By far this is the best of the Color Avengers: all of the Peel's, The King's and the New Avengers. The Producers dropped the formula, including the irksome "Mrs. Peel, we're needed"; kept the wit, and returned to the suspense of the Dr. Cathy Gale era. (Why they did it, is a speculation that I'm not going to delve into at this moment. I'm just glad that they did.)

It's strange watching this episode 50 years after it was produced. This fictitious conference is reminiscent of the real one that set up the EU, the European Union – which as we know didn't occur till the seventies. (No one ran from the door out of fear at the real meeting.) With the struggles over the last five years of Greece, Spain and Italy trying to pull out – and the British public recently voting to dump it – it's clear that the alliance is as fragile today as Phillip Levine wrote it would be in the late sixties. This is clearly one of those science fiction pieces that is so dead on that it is predictive – eerie since its science subject IS premonition.

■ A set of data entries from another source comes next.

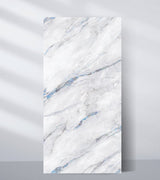 White PVC marble sheet sample with soft gray movement and blue accent veins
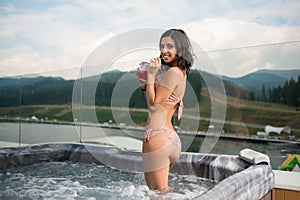 Back view of happy girl in bikini standing with cocktail at the Jacuzzi outdoors on vacation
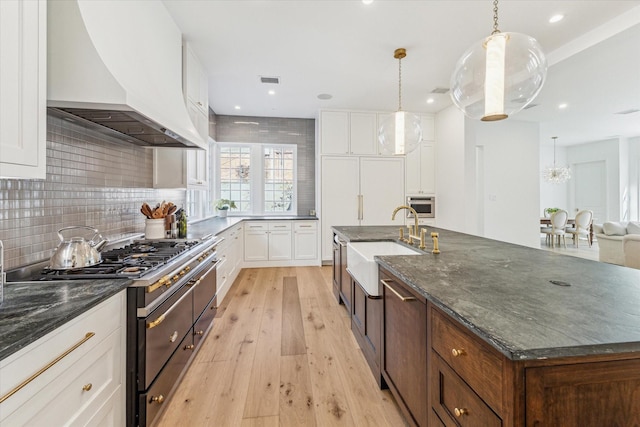 kitchen featuring premium range hood, pendant lighting, white cabinetry, sink, and double oven range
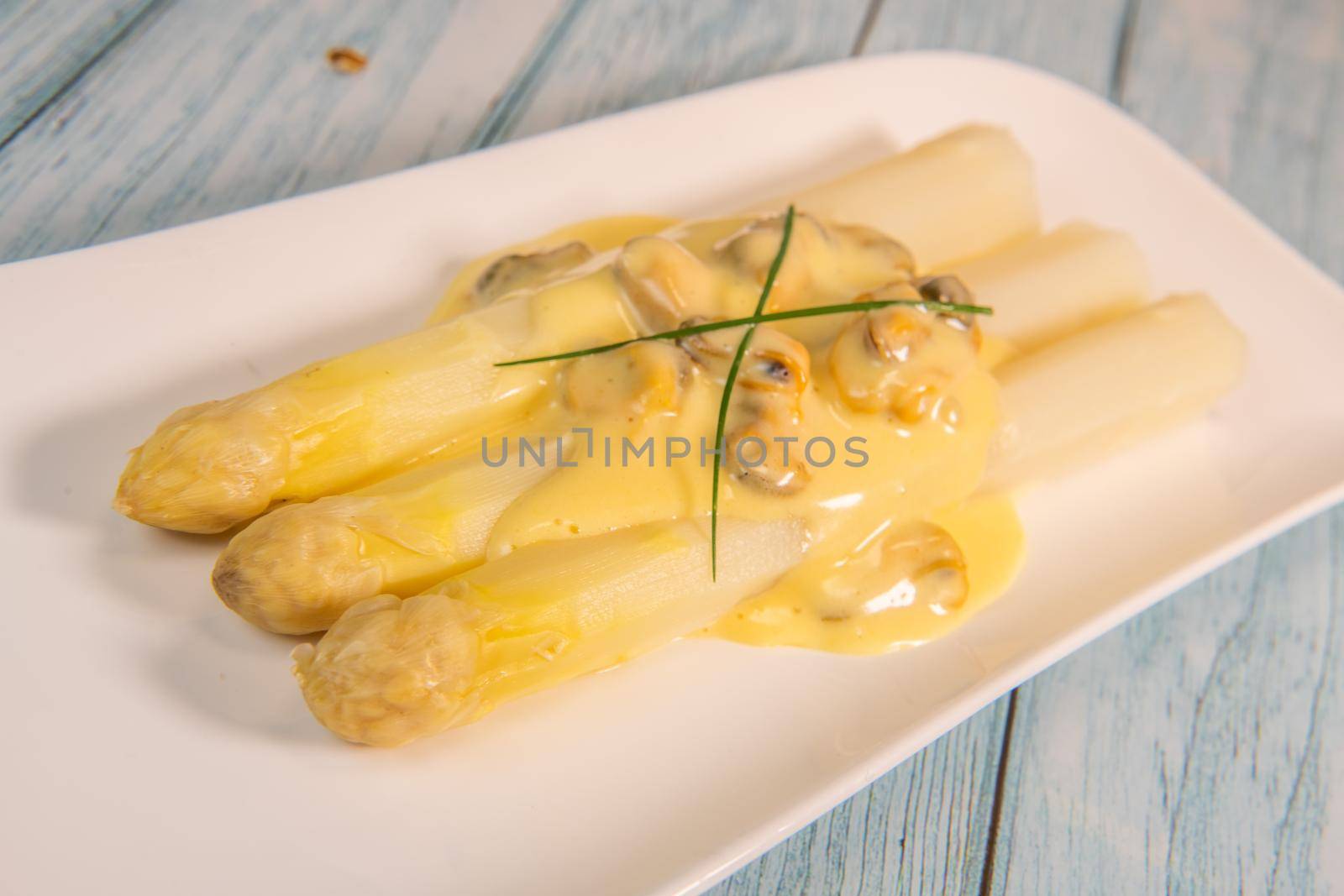 Large white asparagus and shell mousseline recipe. High quality photo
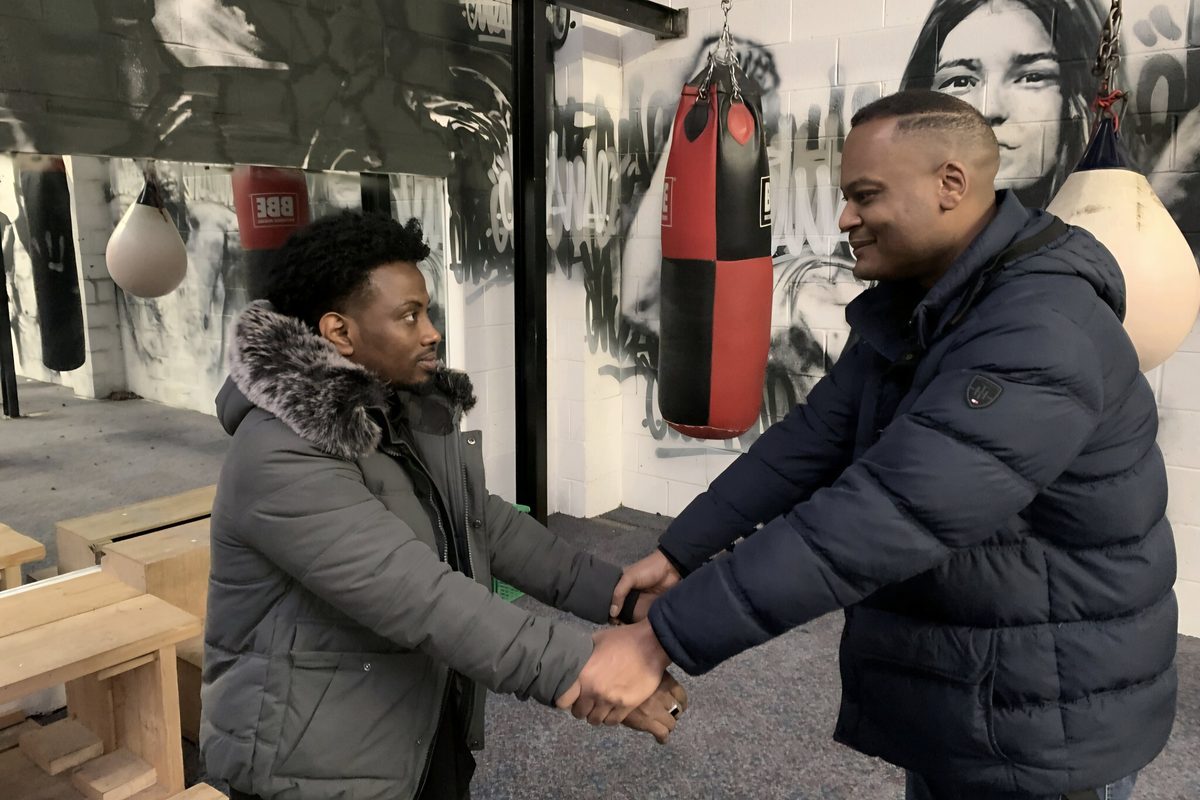 A trainer shaking hands with a candidate at the training venue.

The production design is sort of hokey, with the obligatory surrealistic images inside the dream world. None of Salvador Dali's films were this iconic, which reveals how over the top the design was. (Was it Christian Metz inspired? Who knows!) It is the only dated part of this story. This lame imagery would become commonplace during the King era.

Unlike the earlier Dr. Gale adventure, "The White Dwarf", Levine balances this procedural so that both Steed and Mrs. Peel uncover important information that could be considered "scientific". Steed is more than just muscle here as he was in the earlier Gale adventure. This is not to say that this makes "Death's Door" better. It just shows how far Steed has come from the out of his league denier of "The White Dwarf" to this embracer of odds. How? Maybe he denies the parapsychology as much as he did the solar big bang theories of the earlier episode. (Steed doesn't strike me as a big statician.) In truth, the development and progression of John Steed from the cad, user and science doubter to Steed the common sense man & loyal friend is probably the underlying appeal of The Avengers' storyline.

This is my first time seeing this episode in thirty years. It really holds up well. I give it a 9.0 even. It has bested time for nearly fifty years. No, it is not as inventive as "The White Dwarf", nor as satisfyingly surreal as "Too Many Christmas Trees", but very thought provoking.